In today’s Google vs Australian Competition and Consumer Commission decision, the High Court found that Google was merely a publisher and not the author of any of the advertisements in its AdWords programme, which creates sponsored links based on the user’s internet search.
If the user enters a search term for a company or product name, the advert would sometimes be that of a competitor. The content and text accompanying the sponsored link is written by the company advertising on Google.
The Australian Competition and Consumer Commission (ACCC), a government watchdog, alleged that Google violated section 52 of the Trade Practices Act 1974, which states that “[a] corporation shall not, in trade or commerce, engage in conduct that is misleading or deceptive”.
The trial court found that some of the advertisements were misleading but that Google merely communicated the advertisers’ representations. On appeal, the Full Federal Court reversed, finding that “Google’s conduct cannot fairly be described as merely passing on the statements of the advertiser for what they are worth”.

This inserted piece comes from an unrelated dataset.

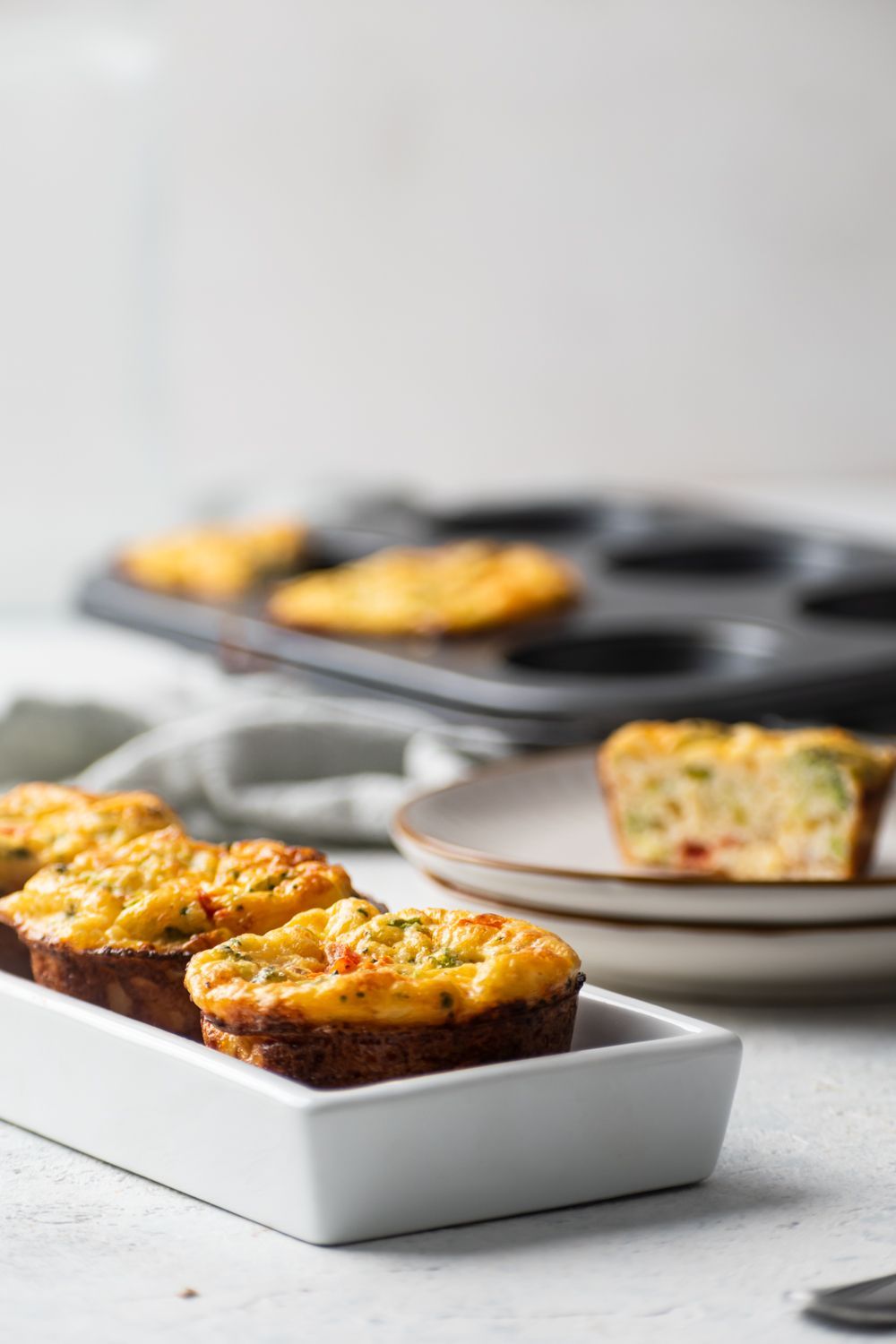 Baked cottage cheese, egg, and vegetable muffins with broccoli, red peppers, and cheddar cheese.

The High Court reversed the Full Federal Court’s decision, stating that “Google did not author the sponsored links; it merely published or displayed, without adoption or endorsement, misleading representations made by advertisers.”
The ACCC had argued that through its keyword-matching technologies, Google had produced the misleading advertisements. The High Court rejected this argument stating that even with Google’s keyword technology, “[t]he automated response which the Google search engine makes to a user's search request by displaying a sponsored link is wholly determined by the keywords and other content of the sponsored link which the advertiser has chosen. Google does not create, in any authorial sense, the sponsored links that it publishes or displays.”
The High Court emphasised that the decision does not go into whether the four underlying adverts in these cases were themselves misleading, but only whether Google’s conduct violated section 52.
Gilbert + Tobin represented Google, while Corrs Chambers Westgarth represented the ACCC.
Last year, software maker Rosetta Stone sued Google in the US, alleging that the AdWords programme infringed its trade mark. The companies eventually settled the dispute.